July 11 (Reuters) – Gold gained on a weaker dollar on Tuesday but struggled for momentum, as investors were wary of placing big bets ahead of US inflation data that could influence the Federal Reserve’s policy trajectory.
Spot gold rose 0.3% to USD 1,931.62 per ounce by 0717 GMT. US gold futures were also up 0.3% to USD 1,937.10.
A weaker dollar is supporting bullion as the Fed seems to imply that it is at the end of its monetary tightening cycle, “but gold bugs appear hesitant to overcommit ahead of Wednesday’s US inflation report”, said Matt Simpson, senior market analyst, City Index.
The dollar index was near a two-month low. A weaker dollar makes gold cheaper for holders of other currencies.

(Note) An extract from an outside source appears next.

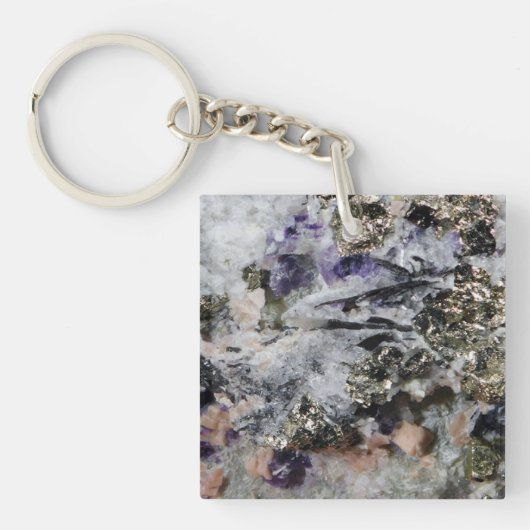 Rhodochrosite Pyrite Fluorit Tourmaline Schlüsselanhänger (Vorderseite)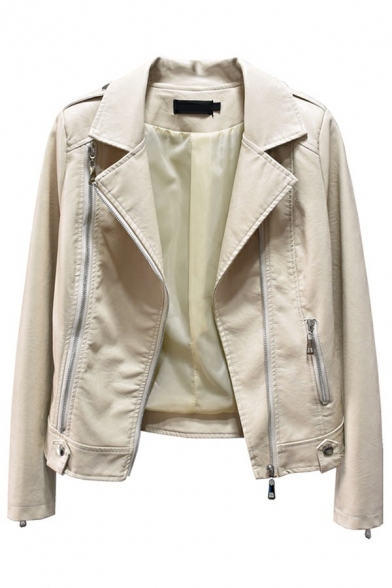 Stylish Womens PU Jacket Notched Lapel Collar Solid Color Zip Closure PU Jacket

Several Fed officials said the Fed would likely need to raise interest rates to bring down inflation, but it was close to the end of its tightening cycle.

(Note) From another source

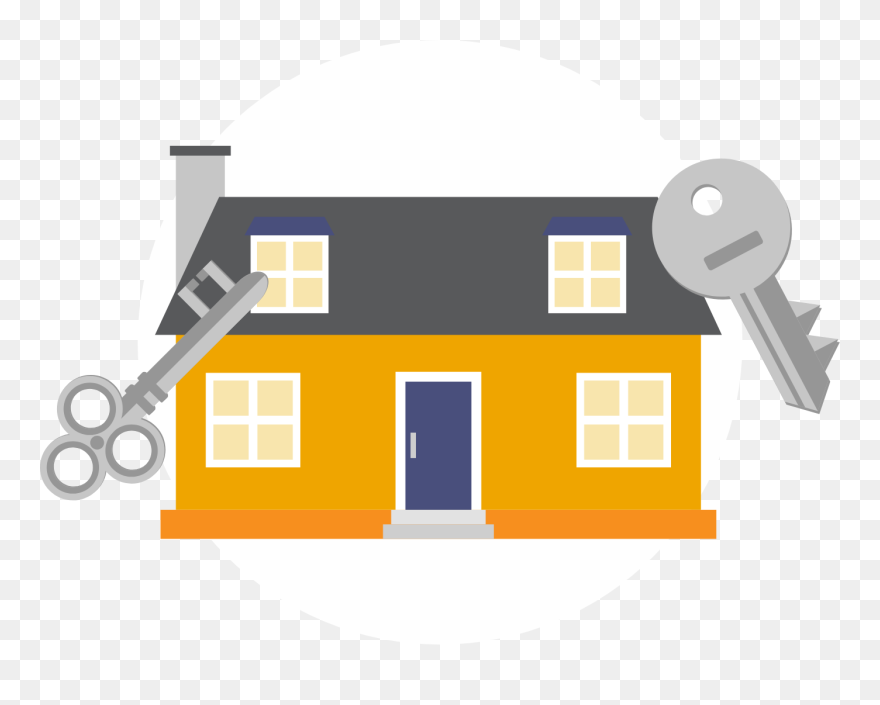Vector Of House With Keys Outside - Graphic Design Clipart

Investors see a 92% chance that the Fed would raise rates in its July meeting into the 5.25%-5.5% range, and then holding them until 2024, as per CME’s Fedwatch tool.
Higher rates dampen non-yielding bullion’s appeal.
The focus this week will be on the US Consumer Price Index (CPI) data due on Wednesday, with core CPI inflation in June expected to have risen 0.3% month-on-month, according to a Reuters poll.
“Any disappointment (on CPI data) could lead to hawkish repricing and that would dim gold’s appeal,” said OCBC Executive Director and FX Strategist Christopher Wong.
European Central Bank (ECB) member Francois Villeroy de Galhau said the ECB was close to its rates’ peak and would need to keep them steady to bring inflation down to the ECB’s 2% target.
Spot silver rose 0.7% to USD 23.27 per ounce, platinum was up 0.4% to USD 930.48, while palladium gained 0.5% to USD 1,246.34.